### EXERCISE REQUIREMENTS
Set down each record that follows exactly. Drop the images.

=======

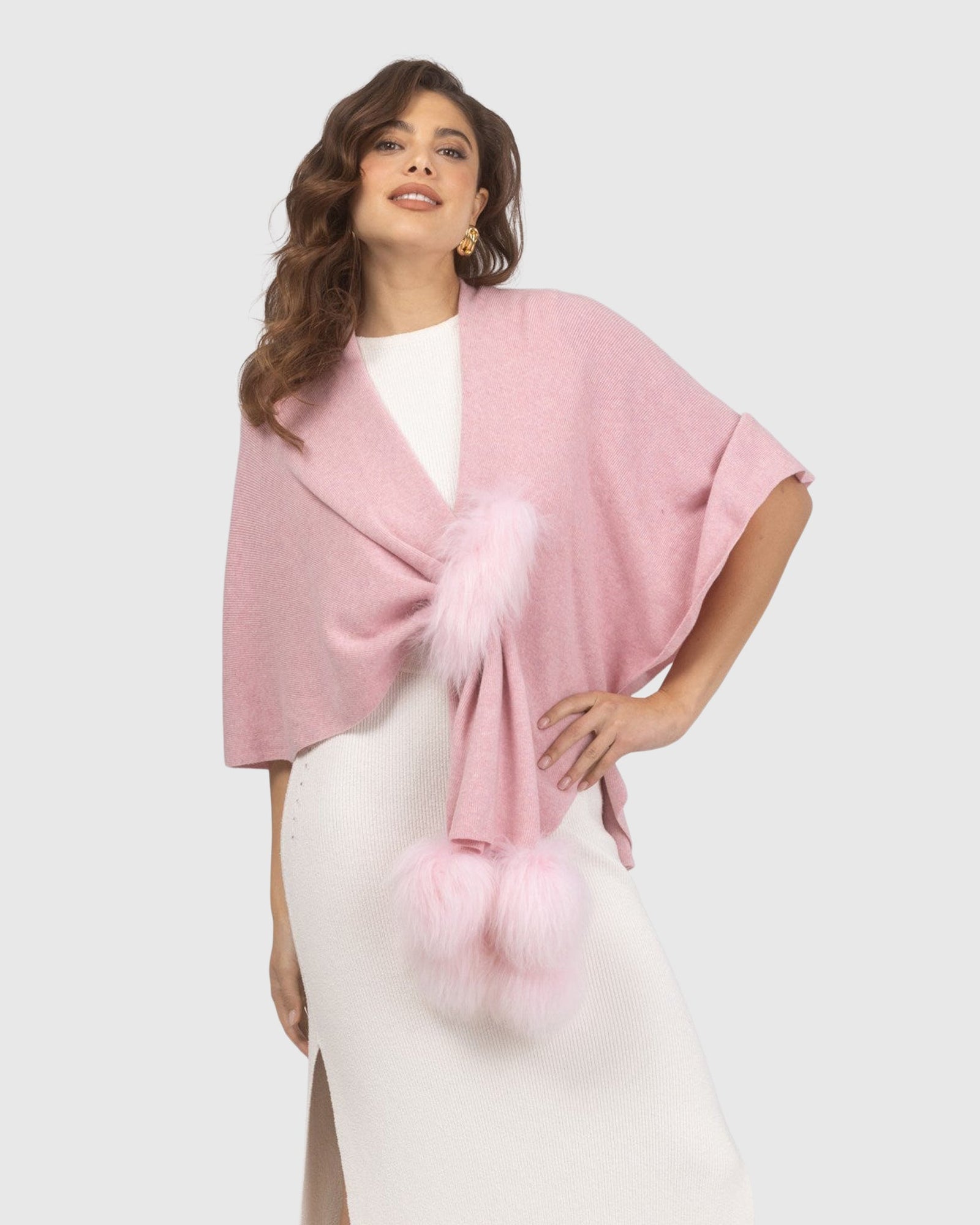 Select Wool Capelet With Select Lamb Poms | Light Pink
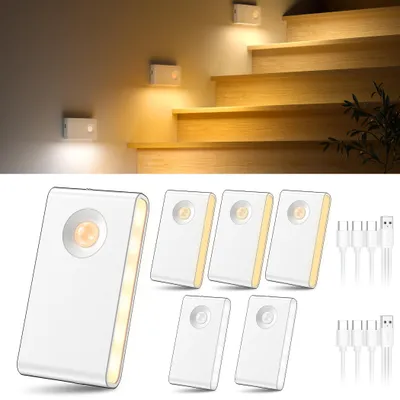 6er-Pack Bewegungsmelder-LED-Lampen, USB-C, 3 Farben, magnetisch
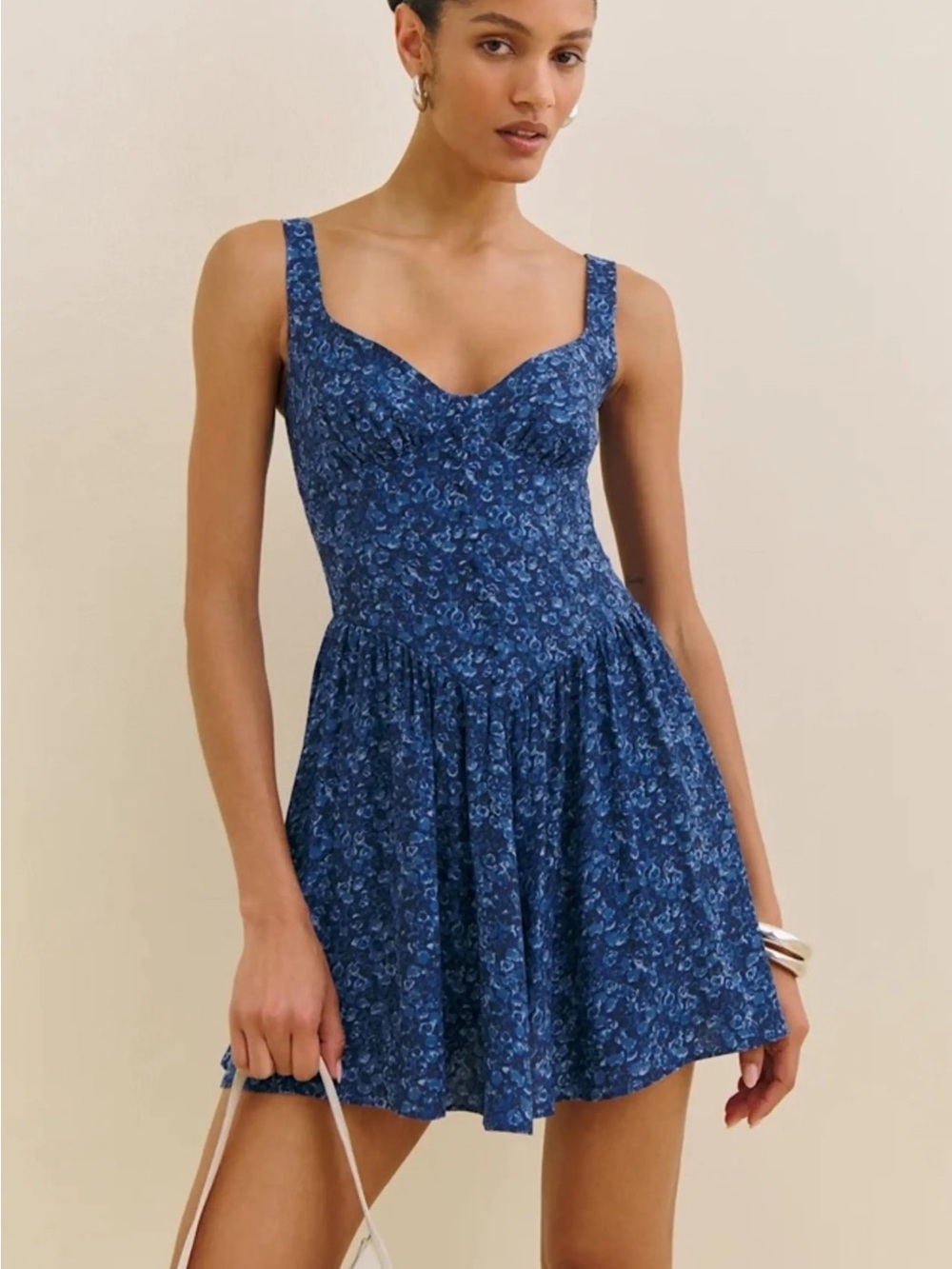 Reformation Wynn Blue Floral Sweetheart Mini Dress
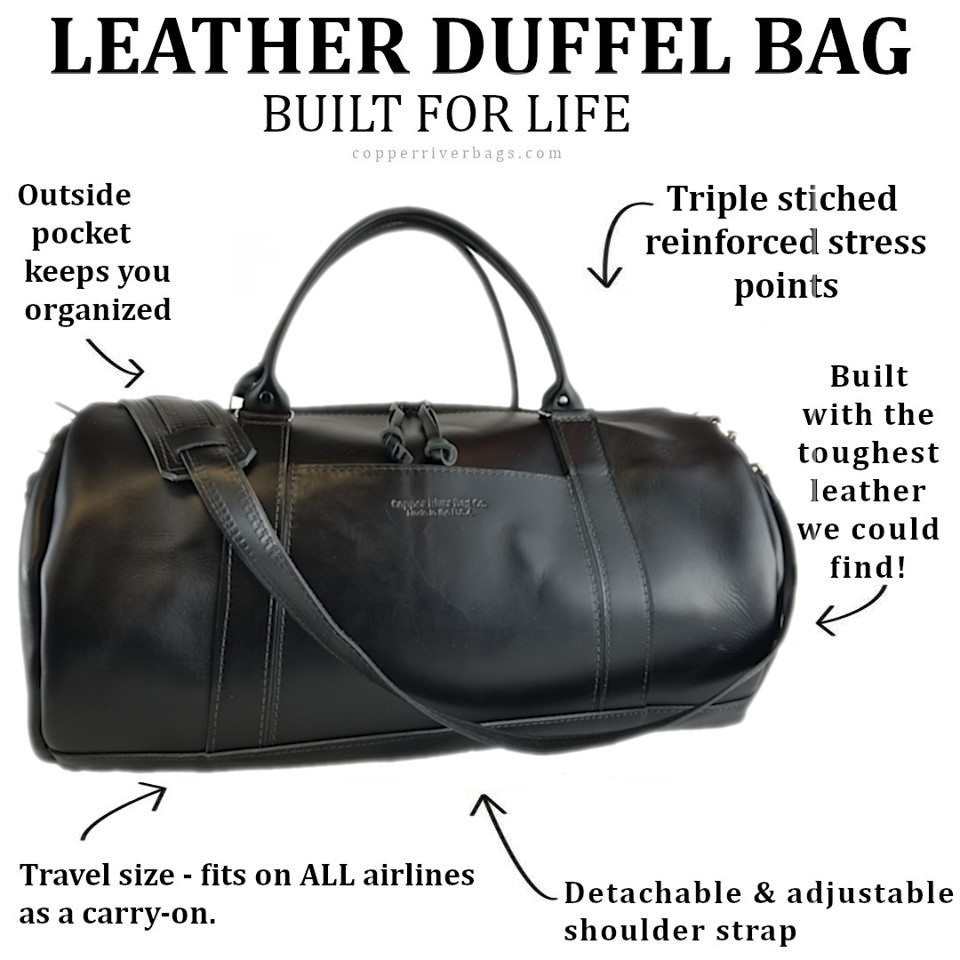 Round Carry On Leather Duffel - Black Made in the USA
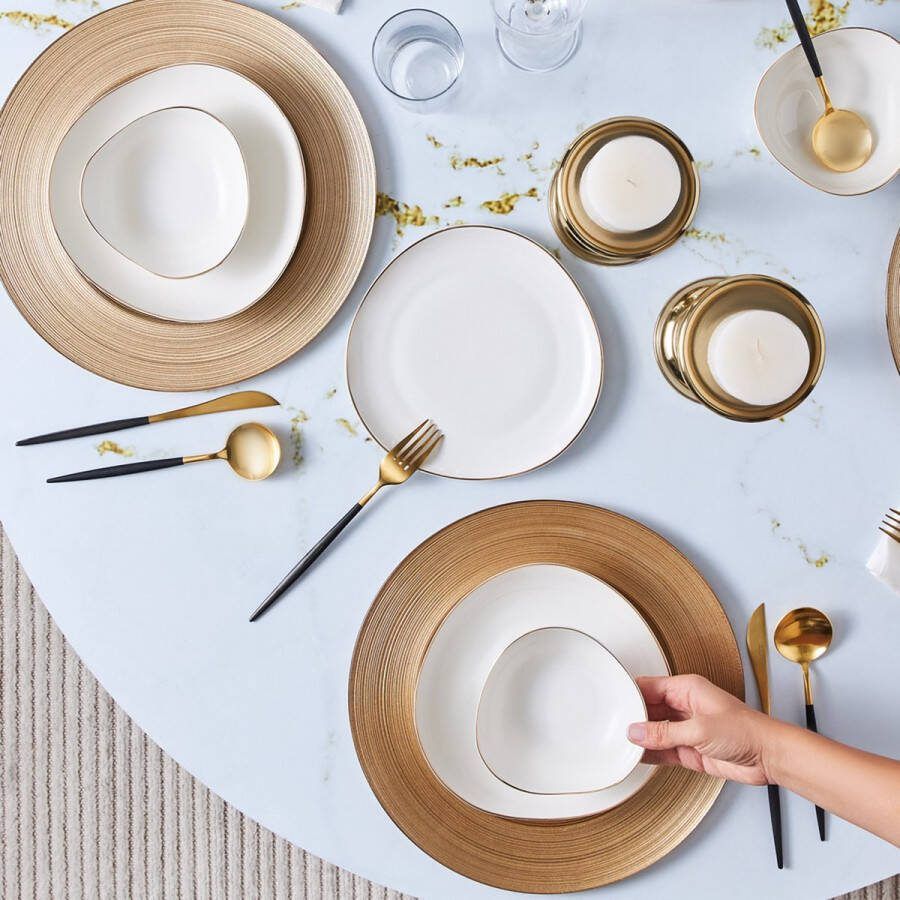 KARACA Middle Streamline Gold 12-delige Serviesset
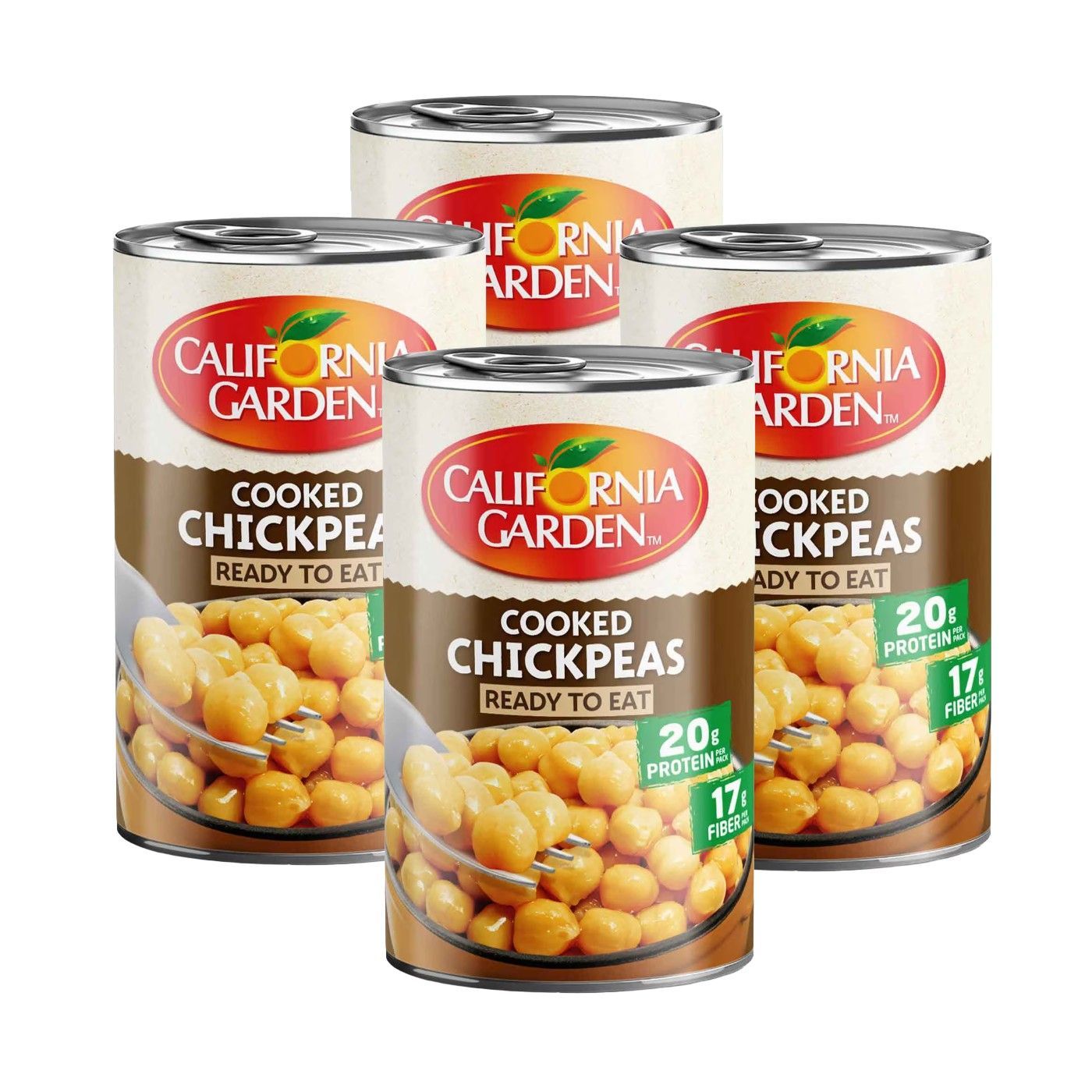 California Garden Ready to Eat Cooked Chick Peas, 4x400g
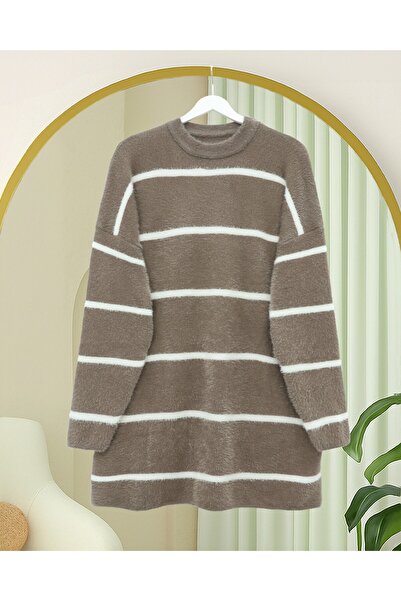 Modamorfo Striped Casual Bearded Knitwear Tunic - Earth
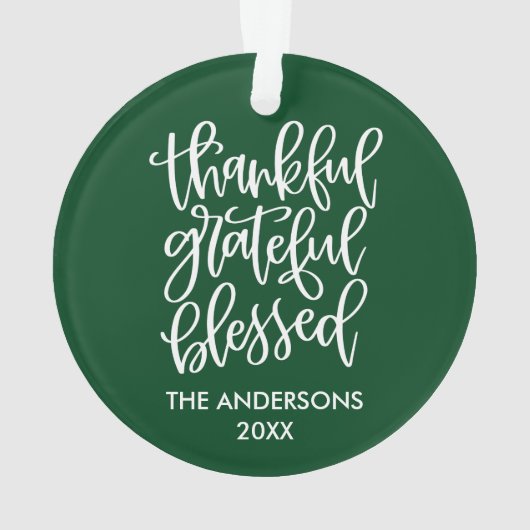 Kalligraphie dankbar dankbar, gesegnet grün ornament (Rückseite)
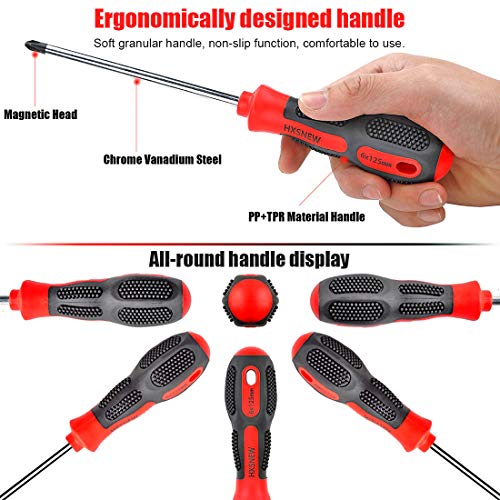 HXSNEW Magnetic Screwdriver Set 10 PCS,5 Phillips and 5 Flat Head Screwdriver Non-Slip for Repair Home Improvement Craft (Red)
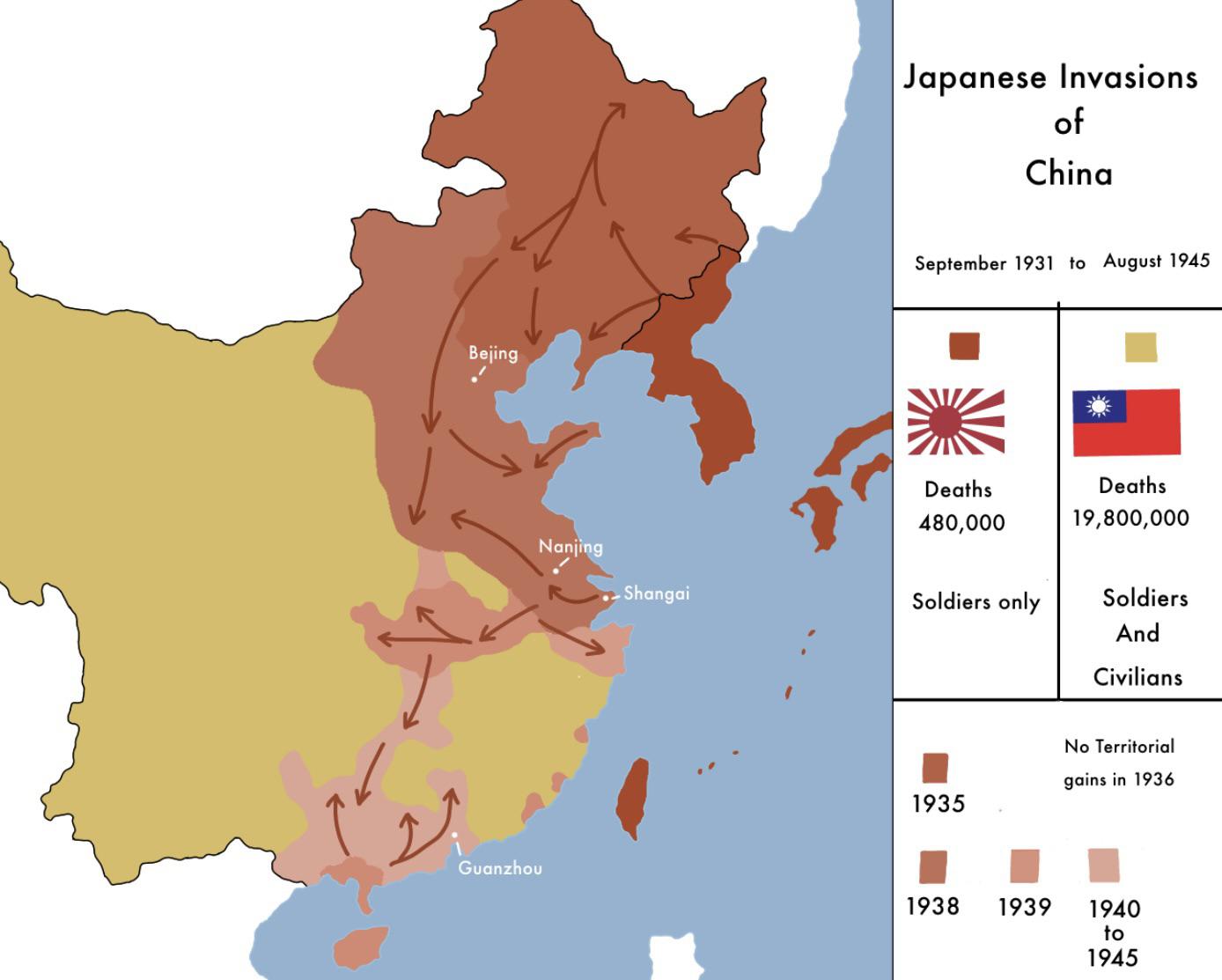 第二次日中戦争と中国における第二次世界大戦の地図 : r/MapPorn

=======

### OUTPUT BELOW
 Select Wool Capelet With Select Lamb Poms | Light Pink
 6er-Pack Bewegungsmelder-LED-Lampen, USB-C, 3 Farben, magnetisch
 Reformation Wynn Blue Floral Sweetheart Mini Dress
 Round Carry On Leather Duffel - Black Made in the USA
 KARACA Middle Streamline Gold 12-delige Serviesset
 California Garden Ready to Eat Cooked Chick Peas, 4x400g
 Modamorfo Striped Casual Bearded Knitwear Tunic - Earth
 Kalligraphie dankbar dankbar, gesegnet grün ornament (Rückseite)
 HXSNEW Magnetic Screwdriver Set 10 PCS,5 Phillips and 5 Flat Head Screwdriver Non-Slip for Repair Home Improvement Craft (Red)
 第二次日中戦争と中国における第二次世界大戦の地図 : r/MapPorn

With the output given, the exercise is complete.